だからこの機種は高級機ではありません。もちろんいい意味です。
小さく華奢なボディは、過酷な環境にはとても耐えられそうにもないし
レンズにだけにコストが集中しているので、アリーナシリーズの中で
M 6×21 だけはデザイン的にもかなり異なった印象となっています。
価格的にも性能的にも、アリーナのフラッグシップとして扱われても
よさそうに思えるのですが、6倍のビクセン - Hydrornisの日記
でも触れたように、あくまで控えめなポジションで紹介されています。
M 6×21 には、専用のビノホルダーが付属しています。
小さな6倍でこれをどのように使うのか、ちょっと謎ですけども
このタイプは、カメラと同じで垂直方向に軸が固定されるので、
通常の双眼鏡オプションの三脚アダプターにくらべると不用意に
上下に動いてしまうことがないので、つねに安定した状態を保ちます。
これ大きくて重い双眼鏡ほど必要になってくるところなので
どうにかならないものかと思っていました。

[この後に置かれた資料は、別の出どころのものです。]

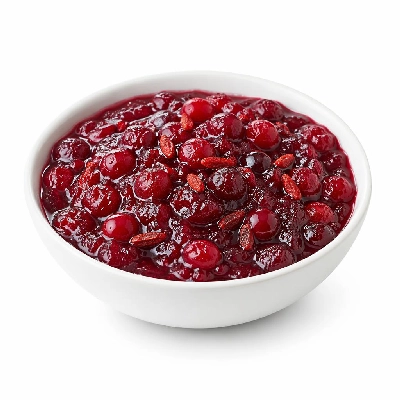 Whole Foods Market Recipes Cranberry and Goji Berry Chutney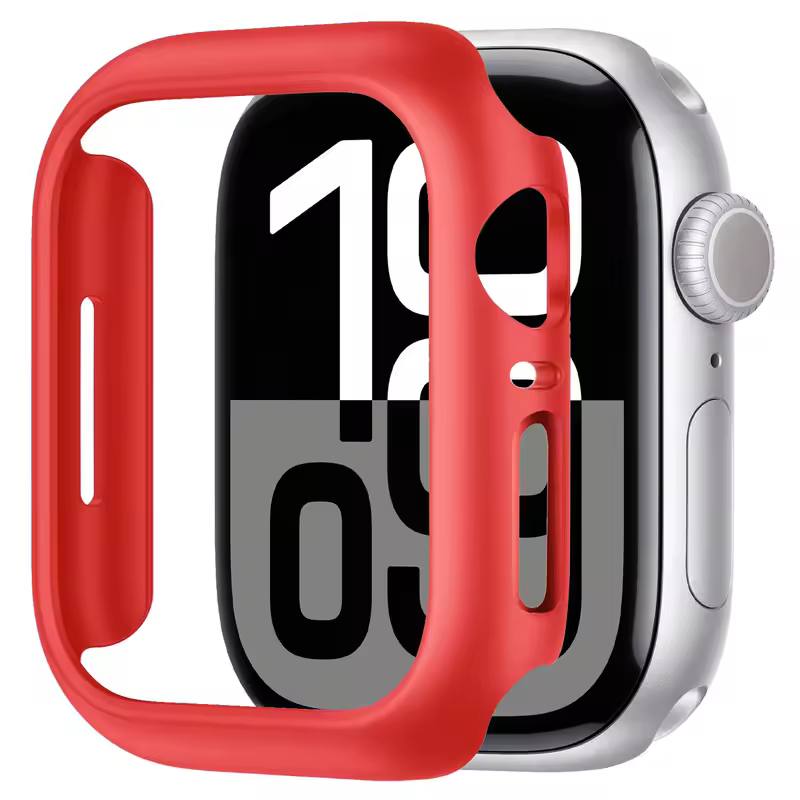 Cover for Apple Watch Case 46mm 40mm 45mm 41mm PC Protector Bumper Protective Shell for iWatch Series 11 10 9 8 7 SE 3 6 Ultra 3 - Image 13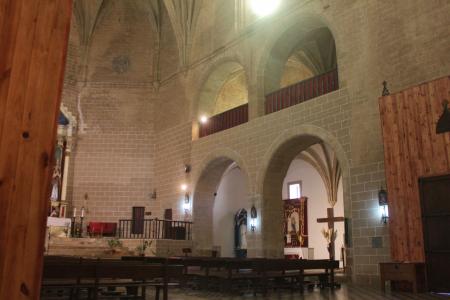 Imagen Iglesia de Ntra. Sra. de Asunción de Junciana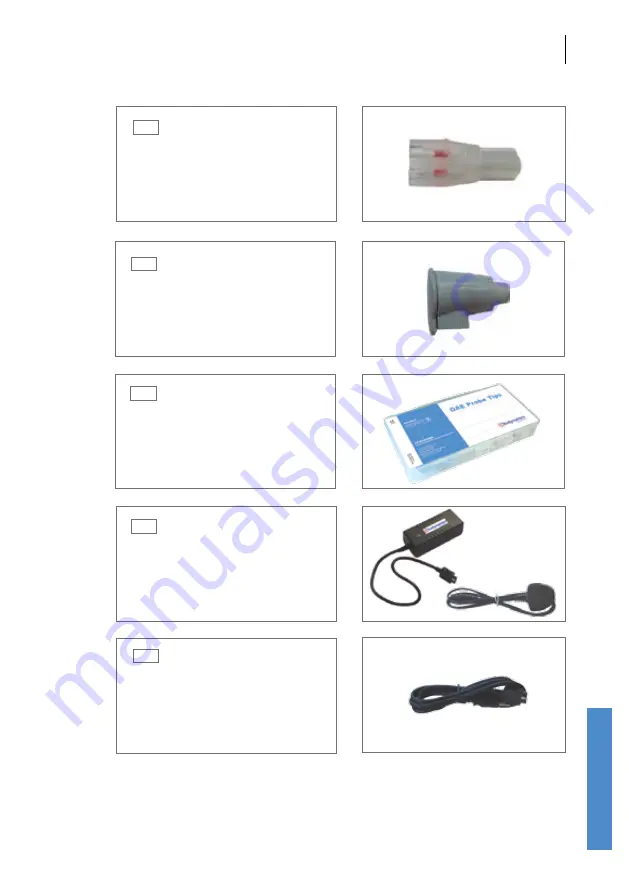 Otodynamics DP Clinical User Manual Download Page 19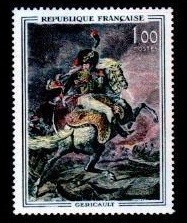 C595 - Franta 1962 - Pictura 1/3,neuzat,perfecta stare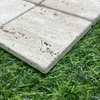 Square Beige Travertine Mosaic -TRV23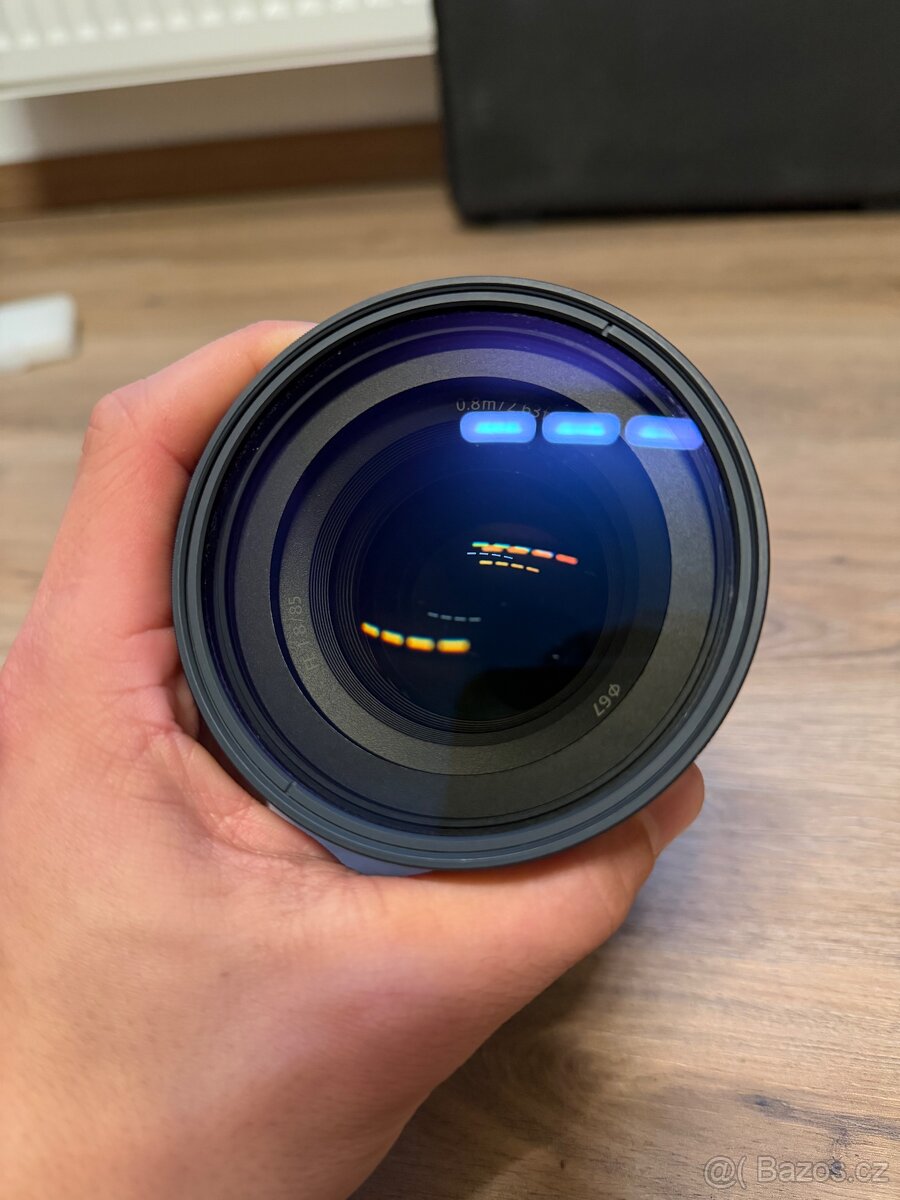 Sony A7C s příslušenstvím - 4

デザインを急に変えるのは
難しいから、こういう小型双眼鏡から随時つけていって実際に使ってもらい
フィードバックして本格双眼鏡に応用していくといった少し柔軟な考え方
をすれば、最高の技術を下のクラスにも採用していく従来の方法だけでなく
より安価で楽しいアイディアも生まれて、逆の方向にも使われる可能性だって
あると思う。常に上流から下流に流れるだけの一方通行では多様性がなくなって
しまい、メーカーも消費者も結局は得をしないものばかりになってしまいます。
完全にまた話があさってにいってしまったので戻ります。
アリーナ M 6×21 は、高付加価値商品とはまるで逆の発想です。
でも、双眼鏡にとって最も大切な見え方の部分では妥協していません。
ヨドバシなら全店舗展示となっているので、ぜひともこの双眼鏡は
実際に見てみることをおすすめします。たぶんびっくりしますよ。